### MATERIAL FOR THIS TASK
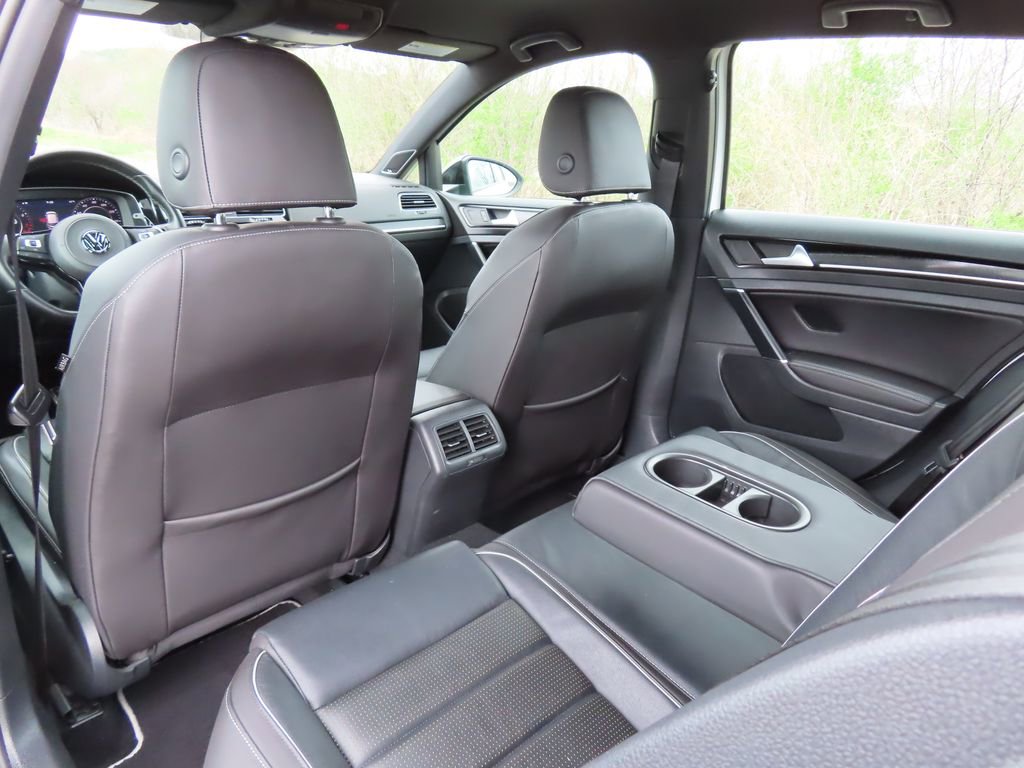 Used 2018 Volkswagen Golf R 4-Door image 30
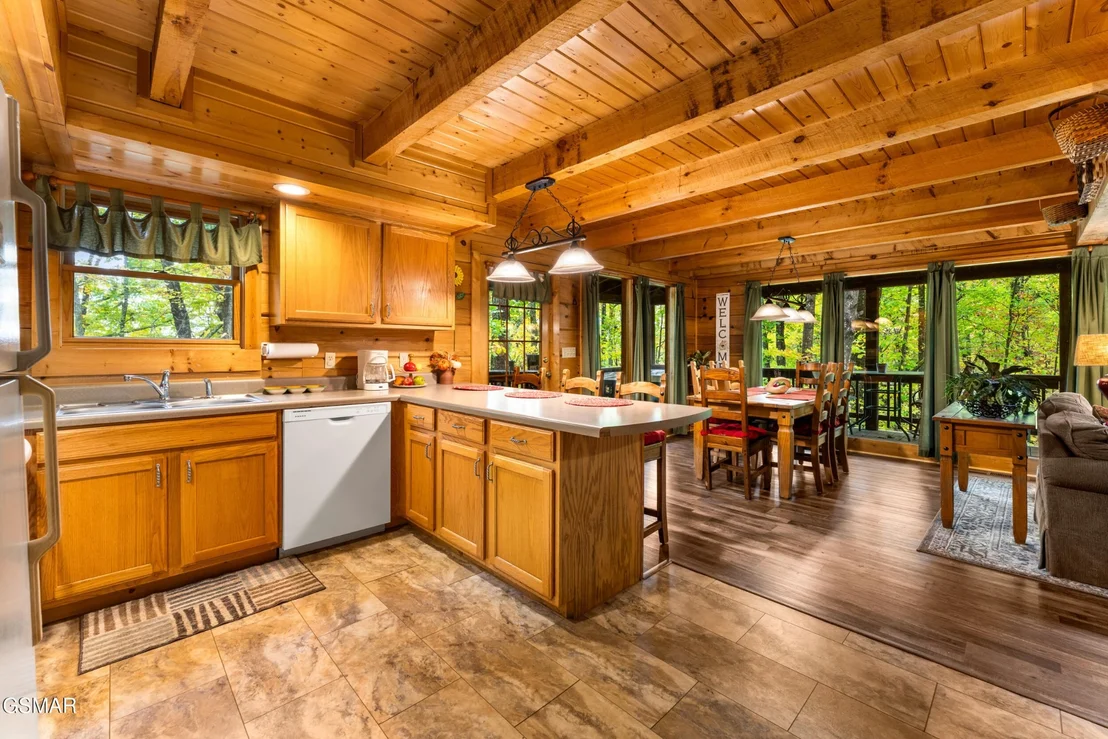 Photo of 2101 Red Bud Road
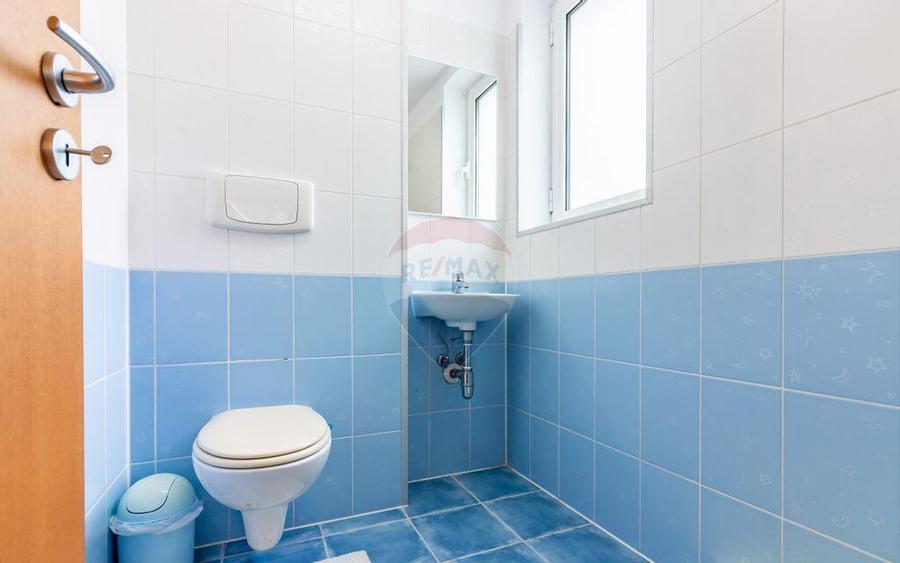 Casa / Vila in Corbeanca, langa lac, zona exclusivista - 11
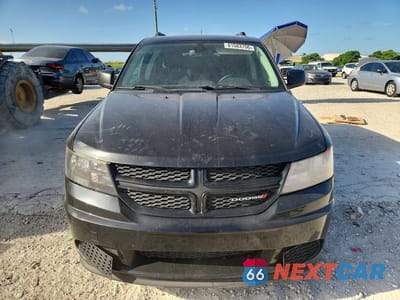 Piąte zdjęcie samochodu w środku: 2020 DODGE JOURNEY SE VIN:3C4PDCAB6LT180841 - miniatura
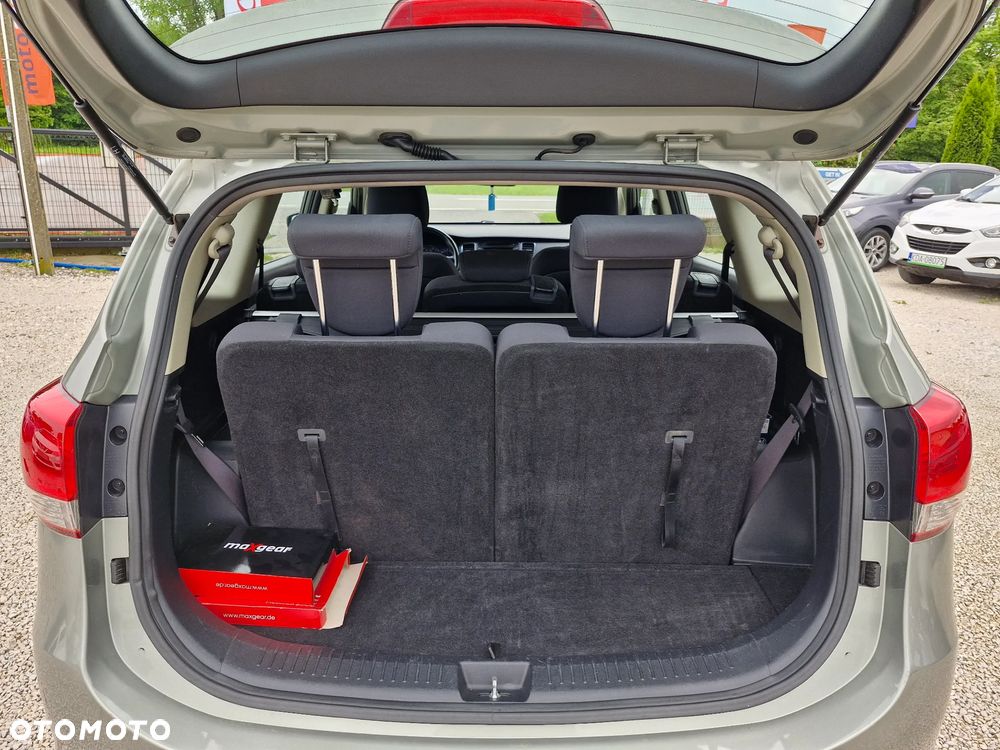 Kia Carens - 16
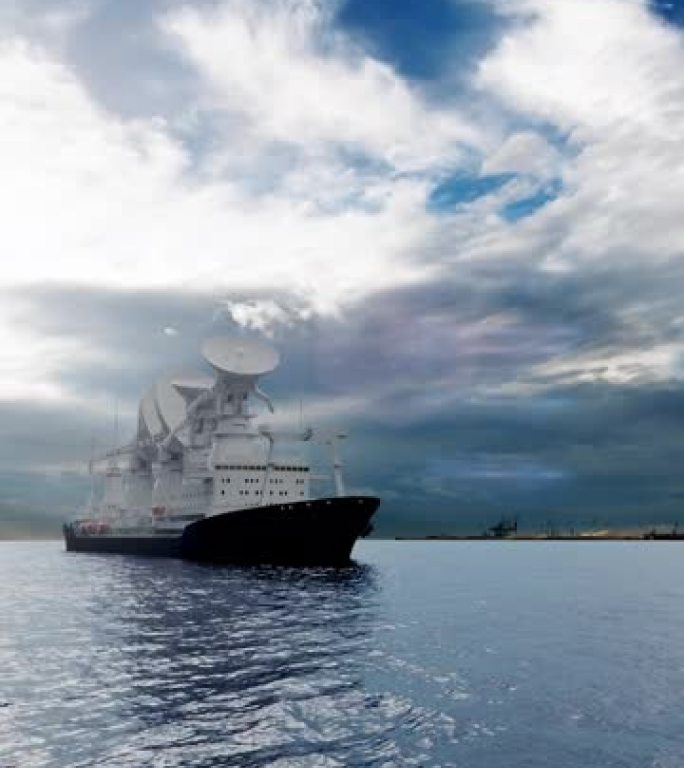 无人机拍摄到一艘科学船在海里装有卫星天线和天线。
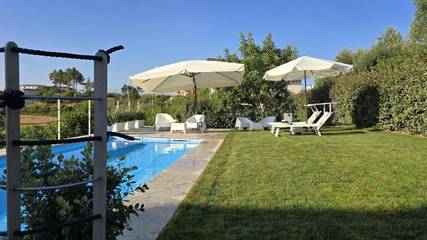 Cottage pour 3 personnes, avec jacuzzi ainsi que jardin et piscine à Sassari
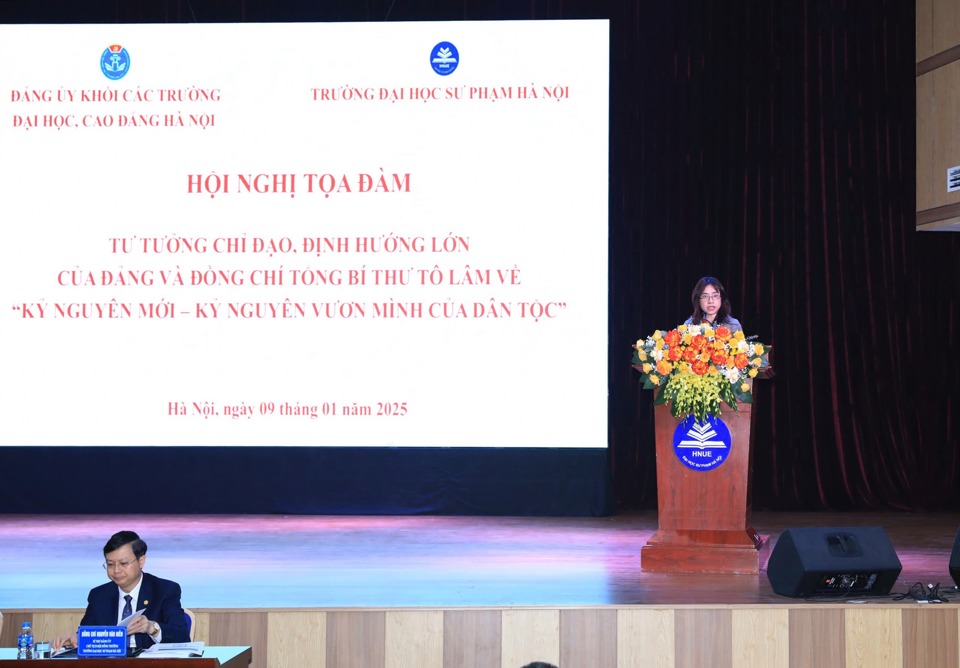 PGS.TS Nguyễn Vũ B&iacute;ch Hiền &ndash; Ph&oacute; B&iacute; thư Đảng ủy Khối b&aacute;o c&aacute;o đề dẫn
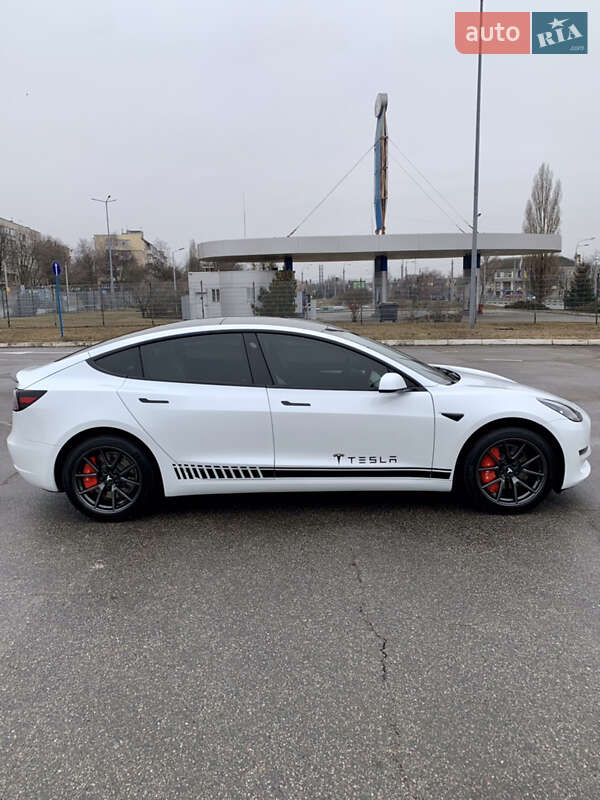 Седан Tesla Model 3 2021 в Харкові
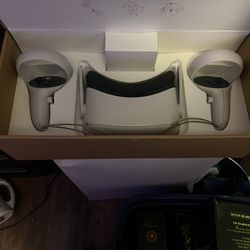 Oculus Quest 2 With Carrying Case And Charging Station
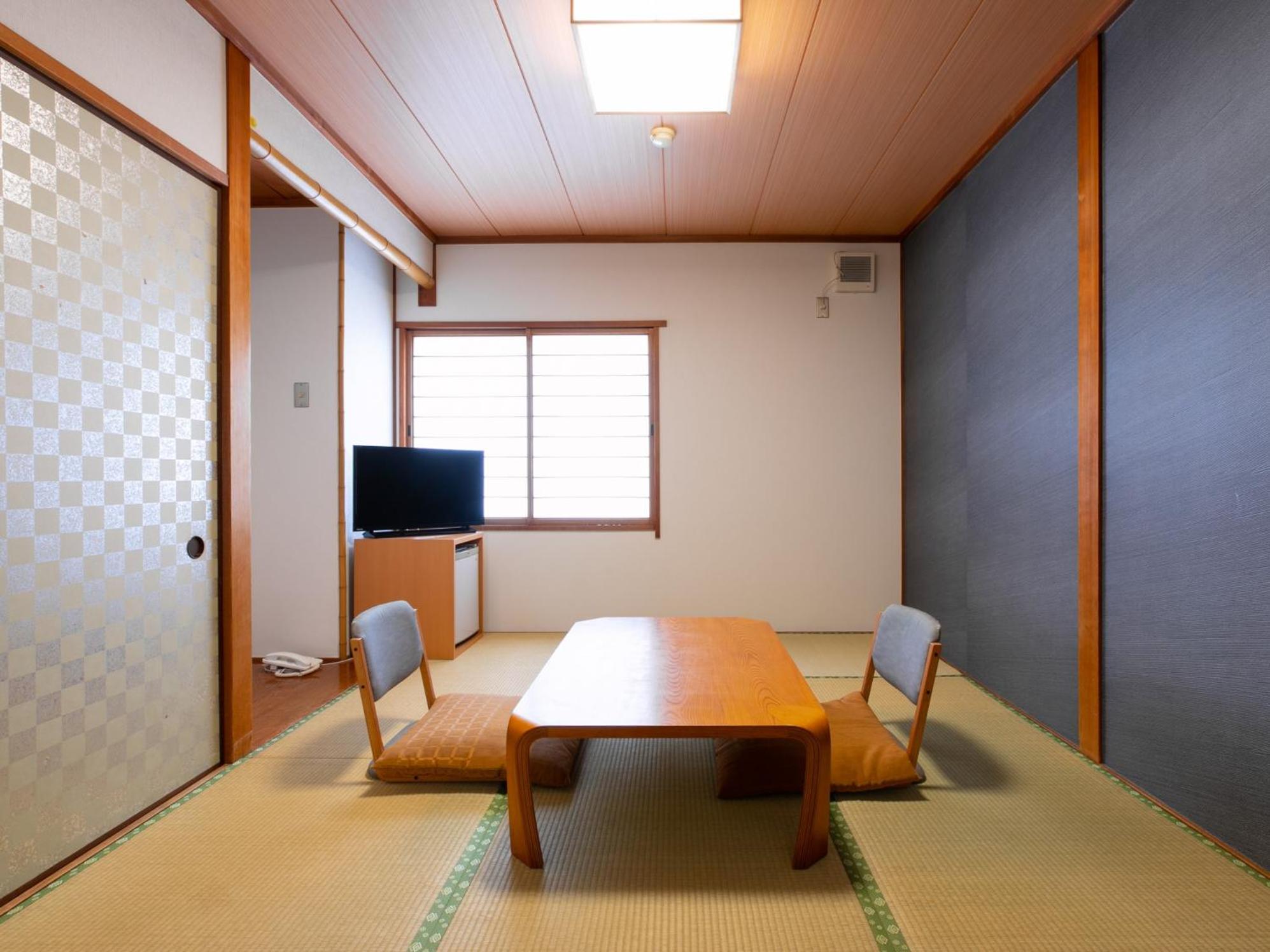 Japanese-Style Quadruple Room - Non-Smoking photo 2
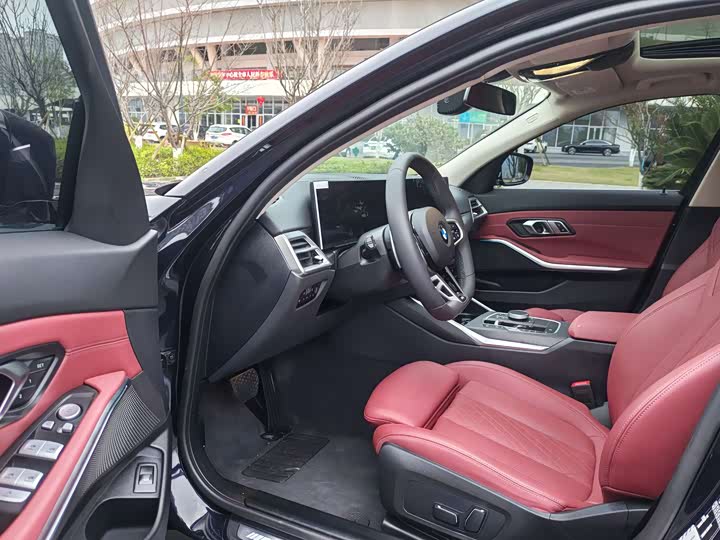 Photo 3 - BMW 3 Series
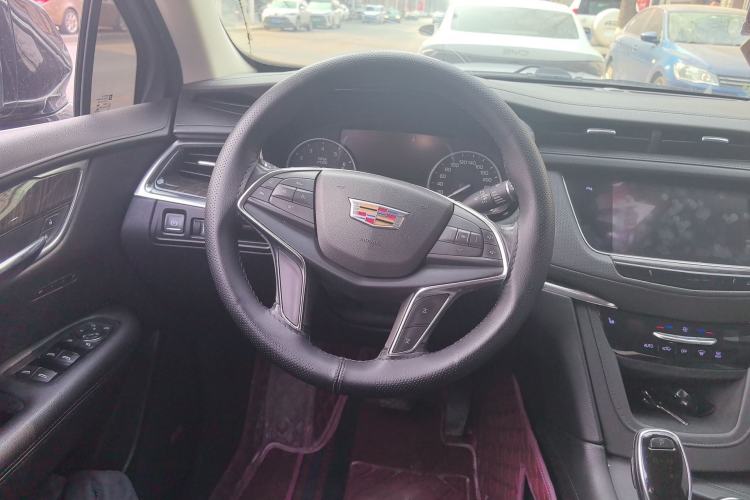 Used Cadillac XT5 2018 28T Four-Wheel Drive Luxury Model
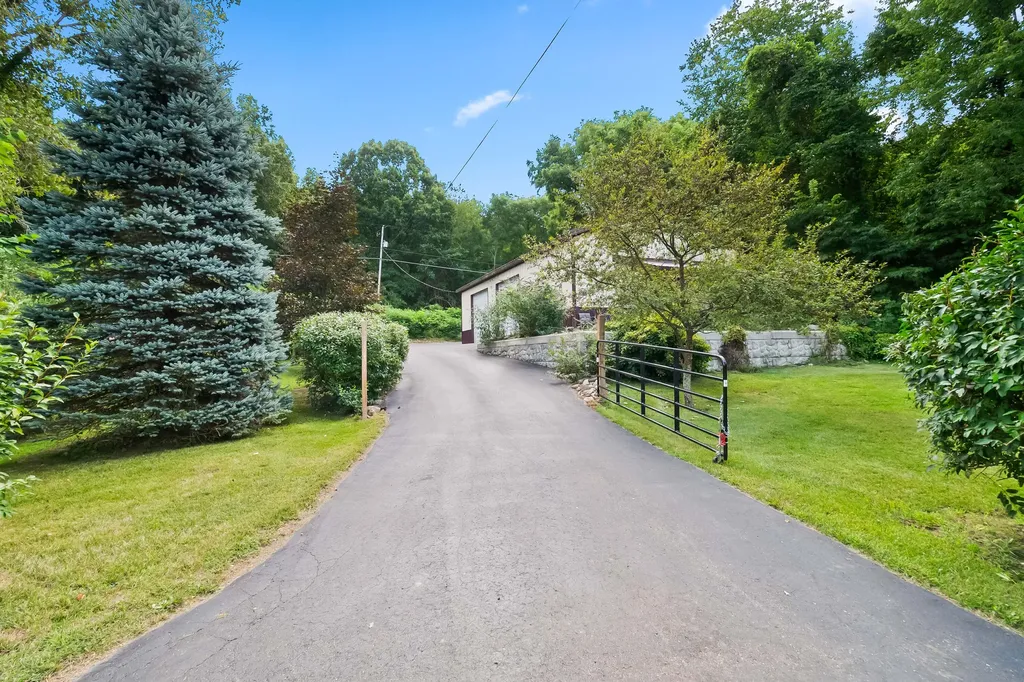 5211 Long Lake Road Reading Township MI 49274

### EXERCISE AIM
Set all of the records down once more, letter for letter, with the images removed.

### ANSWER BELOW
 Used 2018 Volkswagen Golf R 4-Door image 30
 Photo of 2101 Red Bud Road
 Casa / Vila in Corbeanca, langa lac, zona exclusivista - 11
 Piąte zdjęcie samochodu w środku: 2020 DODGE JOURNEY SE VIN:3C4PDCAB6LT180841 - miniatura
 Kia Carens - 16
 无人机拍摄到一艘科学船在海里装有卫星天线和天线。
 Cottage pour 3 personnes, avec jacuzzi ainsi que jardin et piscine à Sassari
 PGS.TS Nguyễn Vũ B&iacute;ch Hiền &ndash; Ph&oacute; B&iacute; thư Đảng ủy Khối b&aacute;o c&aacute;o đề dẫn
 Седан Tesla Model 3 2021 в Харкові
 Oculus Quest 2 With Carrying Case And Charging Station
 Japanese-Style Quadruple Room - Non-Smoking photo 2
 Photo 3 - BMW 3 Series
 Used Cadillac XT5 2018 28T Four-Wheel Drive Luxury Model
 5211 Long Lake Road Reading Township MI 49274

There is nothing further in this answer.